In regards to your episode entitled The rise of E-cigarettes: Helping to quit or encouraging to smoke? as always, you have managed to find the wedge in the issue.
I was once a smoker, a 37 year smoker with periodic attempts to quit along the way. Patches, gums, hypnosis, groups and worse of all the SSRIs known as Champix and Zyban. How these last two received Health Canadas approvals is beyond me. Only the love of my family prevented a disaster with those drugs. In fact how any of them received approvals is beyond any comprehension. How can something with less than a 5% success rate be regarded as effective?
File:Smoking cessation-West&Shiffman.png - Wikipedia, the free encyclopedia
I am now 1 year, 7 months and 20 days off of cigarettes thanks to e-cigs WITH NICOTINE. This is the key to its success for the non-rehabilitative smokers. That is my problem, Im addicted to a substance that is available at every corner store but the smoking version of getting my fix also delivered 4000 plus poisonous chemicals, whereas vaping delivers next to none. Its not the nicotine that kills you its the burning of a cigarette. (
FAQ: Nicotine (tobaccoharmreduction.org)) The European Society of Cardiologists have published that electronic cigarettes do not damage the heart. (
ESC | About the ESC | ESC Press Office | ESC Press Releases | Electronic cigarettes do not damage the heart).

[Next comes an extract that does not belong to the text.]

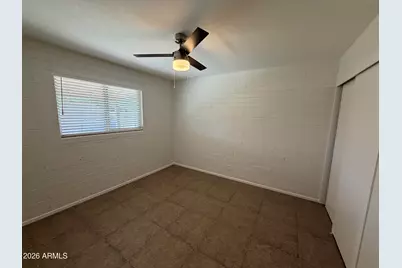 1729 W Beryl Avenue, Phoenix, AZ 85021 - Photo 11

There is no legitimate scientific doubt that someone's risk of contracting a smoking related disease drops by at least 99% by using e-cigarettes instead of smoking. How can we ignore that? If I was Minister of Health in any province in Canada looking to save some health care dollars Id be all over this. The World Health Organization estimates that 1 billion people will die in the 21st century from smoking related illnesses. Vaping can (and will) save millions.
So, as you so well positioned your episode, there lays the quandary, helping someone like me while ensuring that we do not expand the numbers of people addicted to nicotine. Ms. Tillson of the NSRA needs to have some compassion towards those of us who are the victims of past wrongs and Dr. Priat (?) needs to go back to the science and recognize why people smoke, to get nicotine. I have gone from the strongest cigarette to, today, the smallest amount of nicotine from vapor liquid. Will I be able to quit entirely one day? Not if you take vaping away I wont.
The points that your guests made are all very important and are of great concern to all of us but you got the nicotine part wrong. If Health Canada pursues its approval requirements for nicotine as is, no one other than big-pharma and big-tobacco have the deep pockets to get through that approval process and we have seen how well those two have done by us already. No thank-you. Push it further underground and put us all at greater risk.